One Big Wedding Party

By 1775, the major gaps between Spain's settlements in California became evident. The 200 miles that stretched from San Luis Obispo to San Gabriel, for example, were totally empty. California's then-governor, Felipe de Neve, decided to take action and decreed that a presidio be placed in the area now known as Santa Barbara and a pueblo constructed in present-day Los Angeles.

De Neve selected a group of 44 settlers from the Mexican states of Sonora and Sinaloa to travel to the future site of Los Angeles and create a community called El Pueblo de Nuestra Señora la Reina de los Ángeles, or "The Town of Our Lady the Queen of the Angels." While the group was mostly made up of Mestizo, Indigenous, and African members, two white Spaniards joined them. Half of them were children, and the group consisted entirely of married couples and families.
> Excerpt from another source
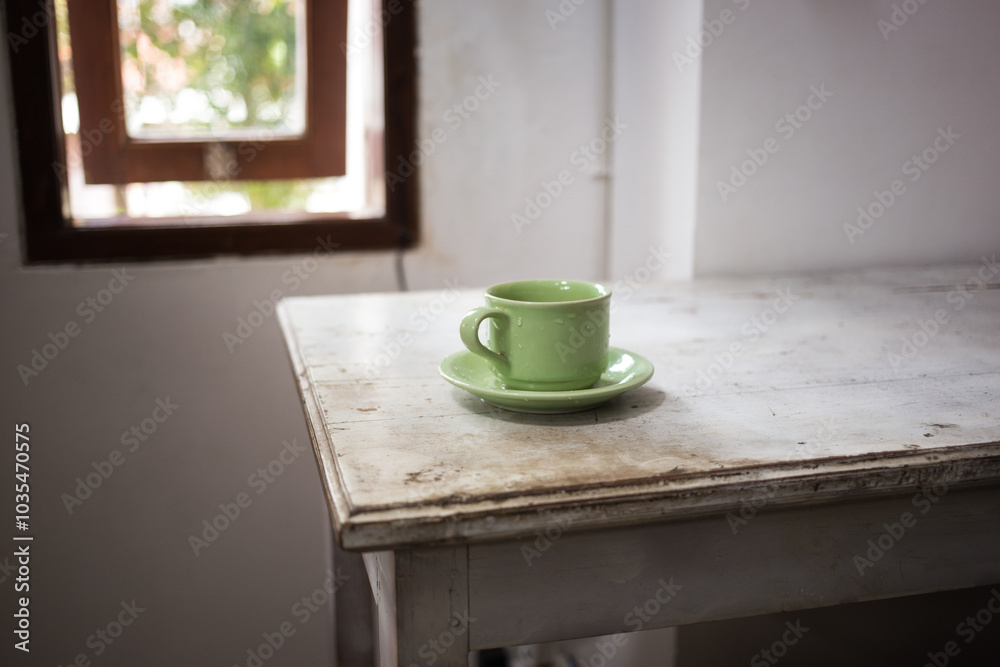 Green cup on white wooden table Green cup on white wooden table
After meeting in Alamos to get supplies, horses, and clothing, the group's few single people got married almost as an afterthought, as if it was just another box to check off before beginning the journey. Growing the settlement was important, and that meant lots of children, which meant lots of marriage. As culturally diverse as the group was, indigenous women who were baptized were married to indigenous men who spoke the same language and had similar backgrounds, while men and women of Spanish heritage were bound in their own unions.